TASK: Everything in the listing below must be set down again exactly, apart from the pictures.

AVAILABLE DATA:

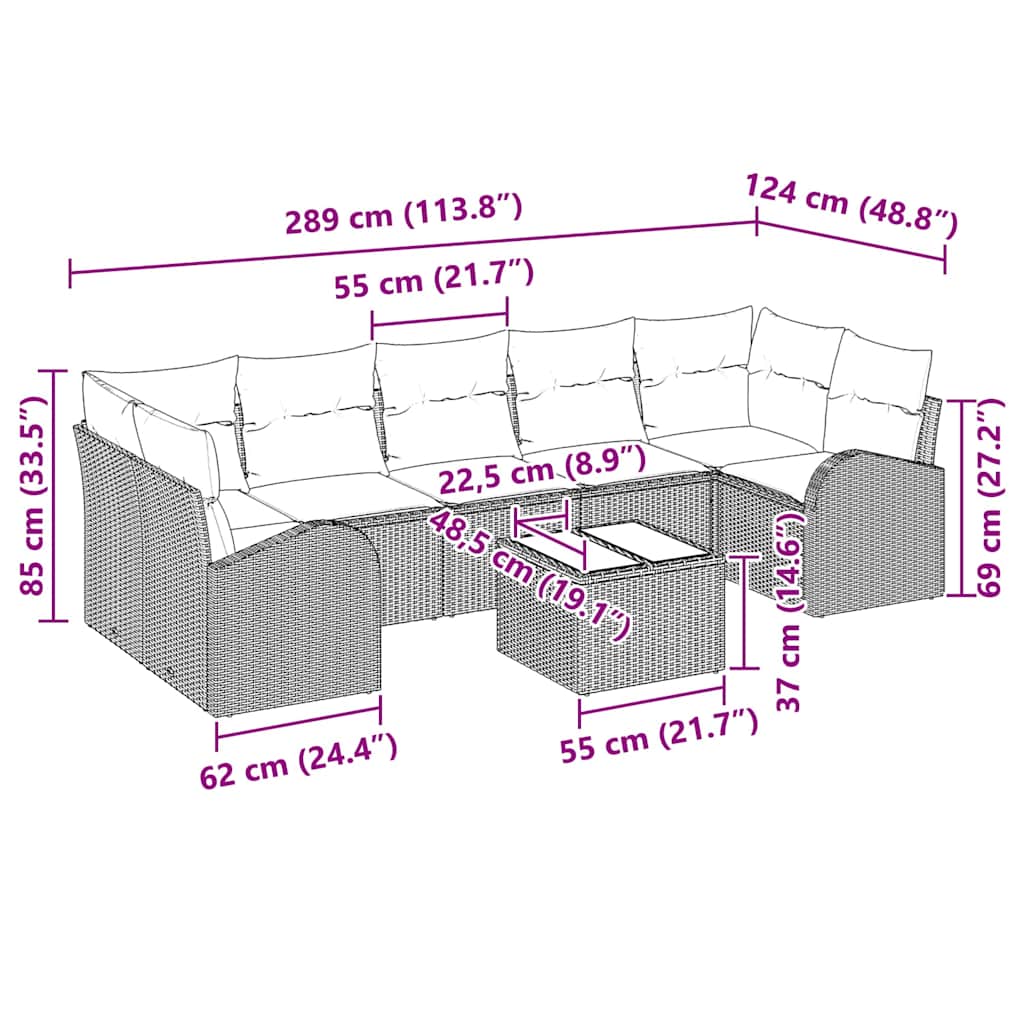 vidaXL Σετ Κήπου 8 τεμαχίων με Μαξιλάρια Καφέ Πολυ Ρατάν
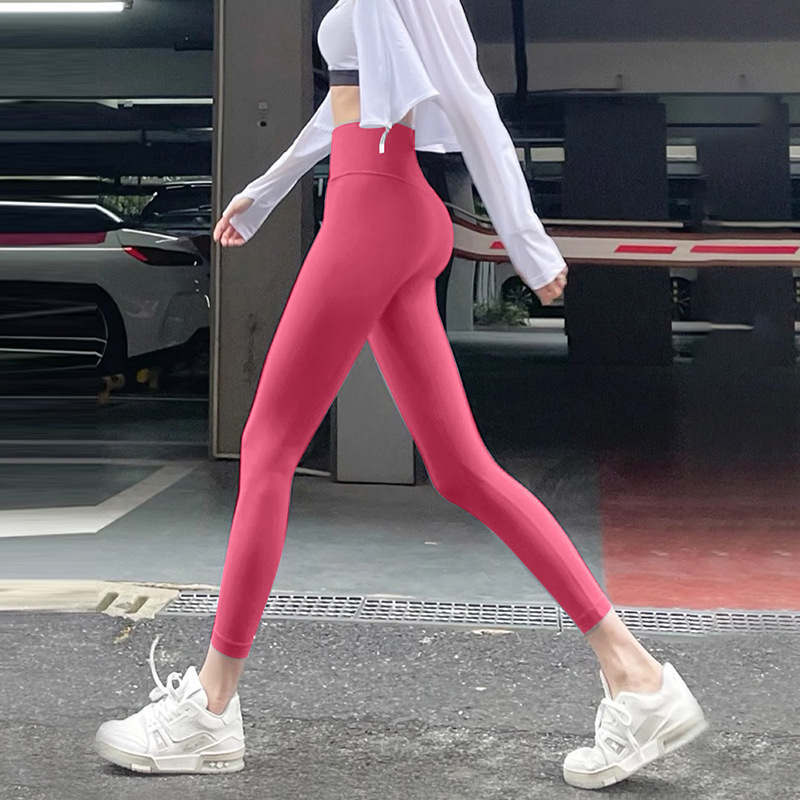 Pantalones de yoga desnudos, fitness, running, leggings ajustados, cintura alta, caderas, abdomen elástico, pantalones de tiburón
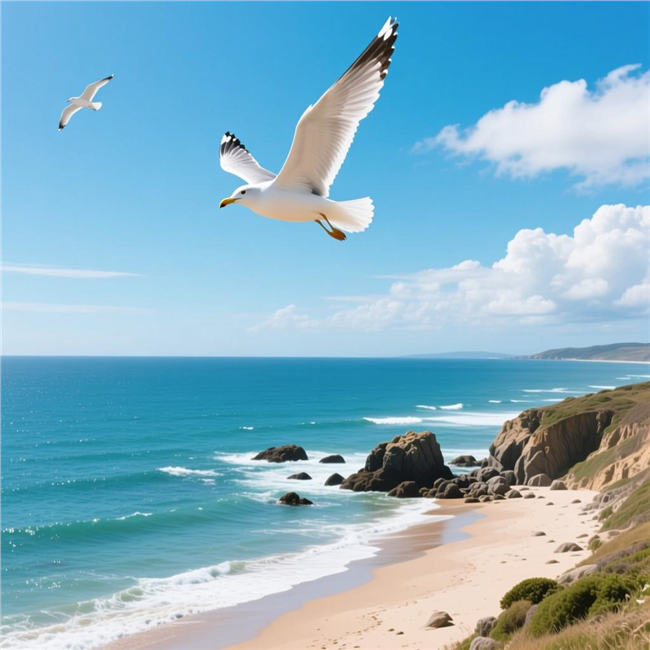 蓝色天空大海沙滩飞翔的海鸥图片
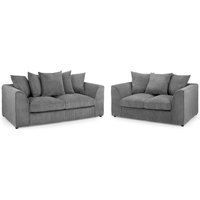 Hyeres Fabric 3+2 Seater Sofa Set In Grey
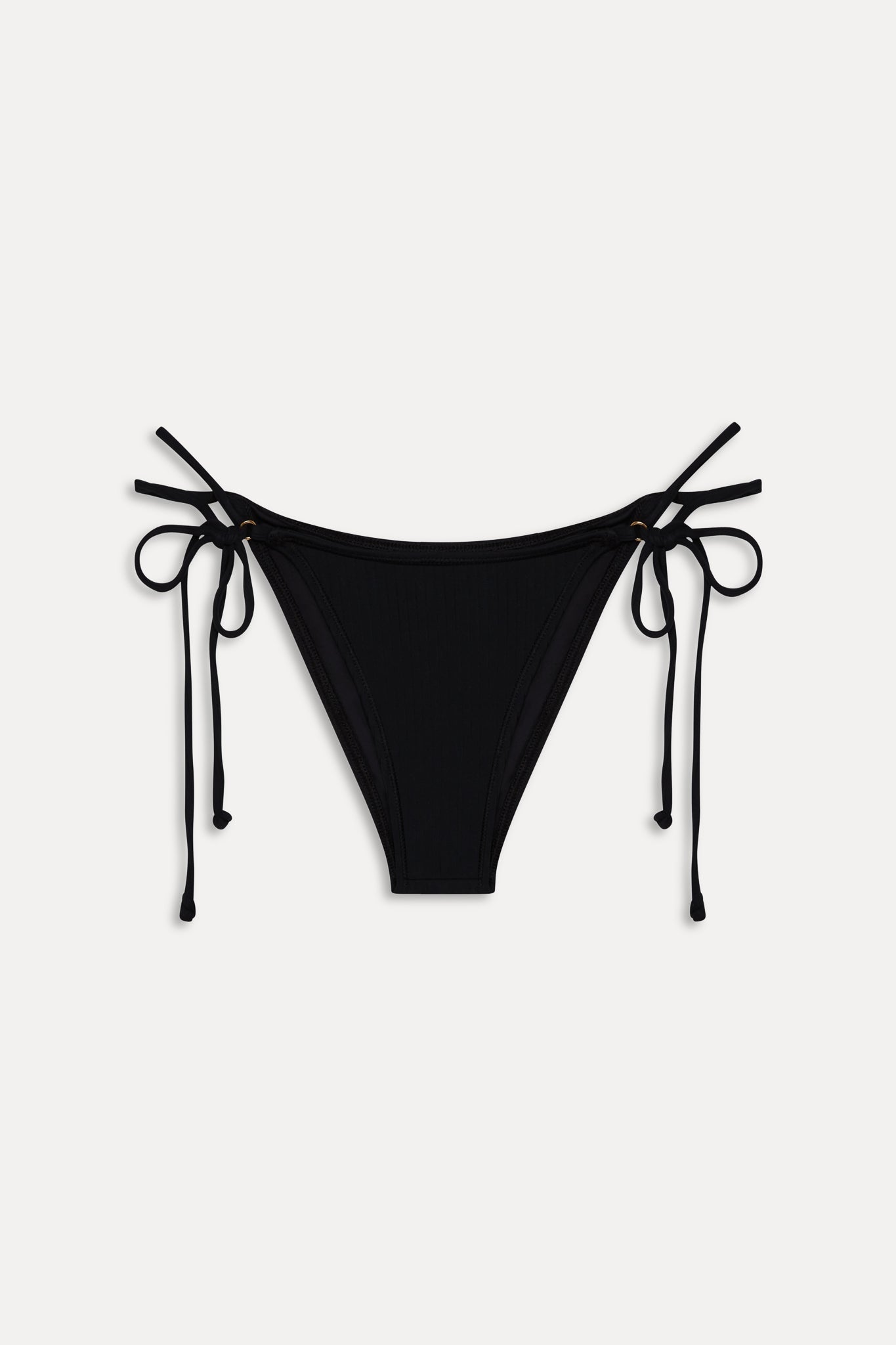 Mackenzie Cheeky Ribbed Bikini Bottom  Black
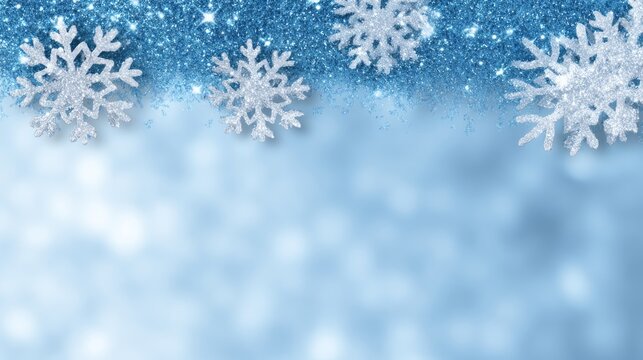 A serene winter-themed background featuring glimmering snowflakes against a soft blue backdrop.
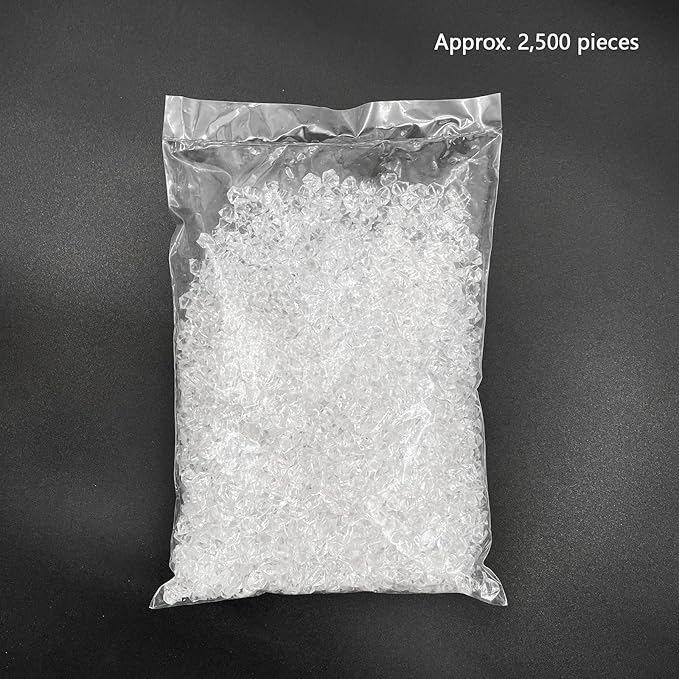 Reusable Fake Ice Cubes 2500 pcs 6 x 9 mm for Rock Crystals Treasure Gems for Table Scatters, Vase Fillers, Wedding Photography Props Vase Fillers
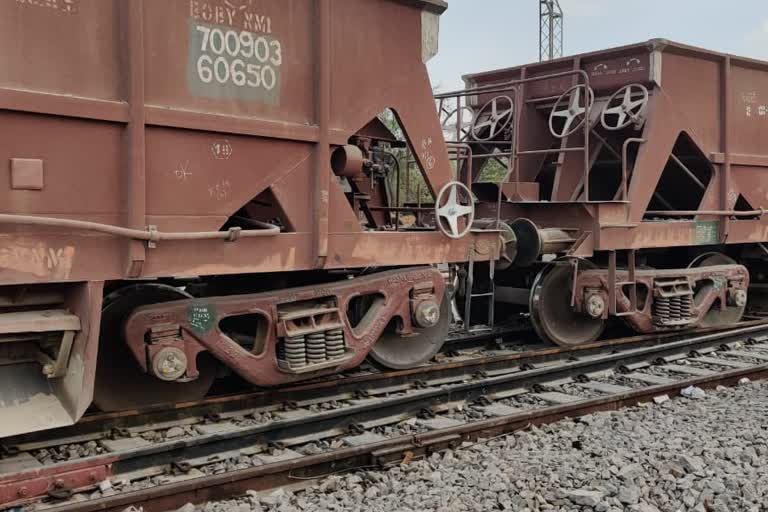 Derailed goods train bogies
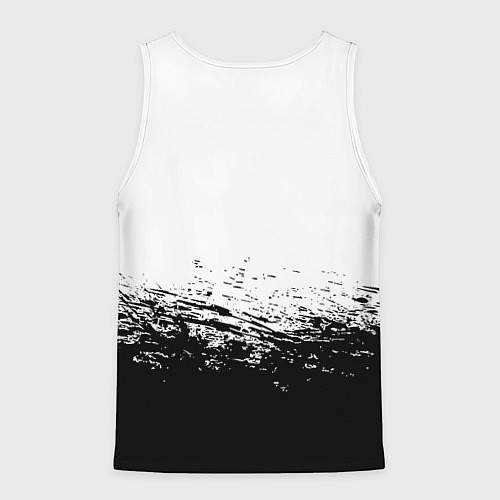 Мужская майка без рукавов Россия черно белые краски / 3D-Белый – фото 2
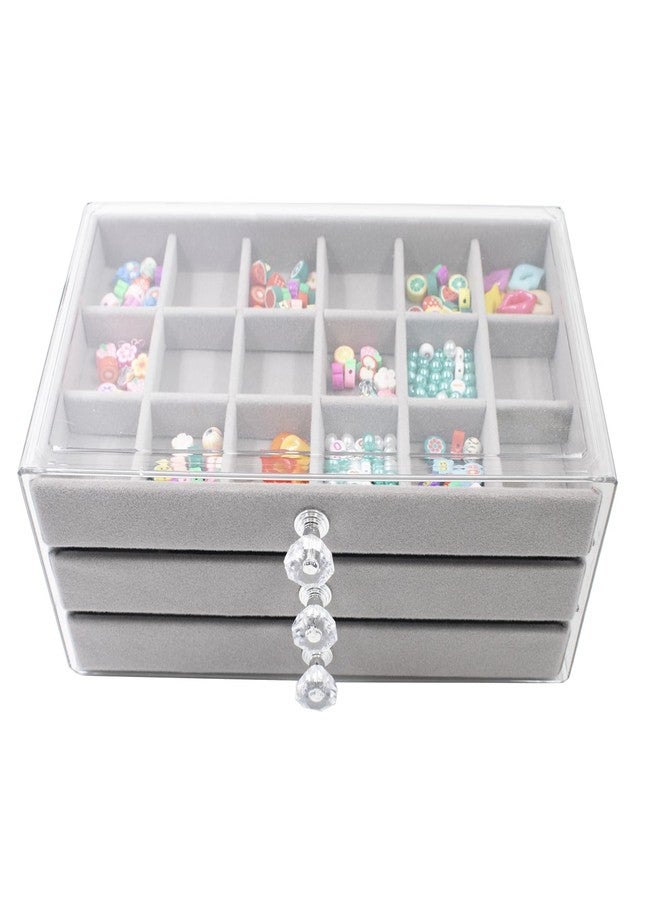 Hiyoo Jewelry Box with 3 Drawers, Acrylic Earring Holder Organizer with Flannel Trays, Clear Jewelry Organizer for Women Girls, Display Holder for Earrings Ring Bracelet Necklace, Gray, 3 Layers - Image 1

COMPLETED EXERCISE:
 vidaXL Σετ Κήπου 8 τεμαχίων με Μαξιλάρια Καφέ Πολυ Ρατάν
 Pantalones de yoga desnudos, fitness, running, leggings ajustados, cintura alta, caderas, abdomen elástico, pantalones de tiburón
 蓝色天空大海沙滩飞翔的海鸥图片
 Hyeres Fabric 3+2 Seater Sofa Set In Grey
 Mackenzie Cheeky Ribbed Bikini Bottom  Black
 A serene winter-themed background featuring glimmering snowflakes against a soft blue backdrop.
 Reusable Fake Ice Cubes 2500 pcs 6 x 9 mm for Rock Crystals Treasure Gems for Table Scatters, Vase Fillers, Wedding Photography Props Vase Fillers
 Derailed goods train bogies
 Мужская майка без рукавов Россия черно белые краски / 3D-Белый – фото 2
 Hiyoo Jewelry Box with 3 Drawers, Acrylic Earring Holder Organizer with Flannel Trays, Clear Jewelry Organizer for Women Girls, Display Holder for Earrings Ring Bracelet Necklace, Gray, 3 Layers - Image 1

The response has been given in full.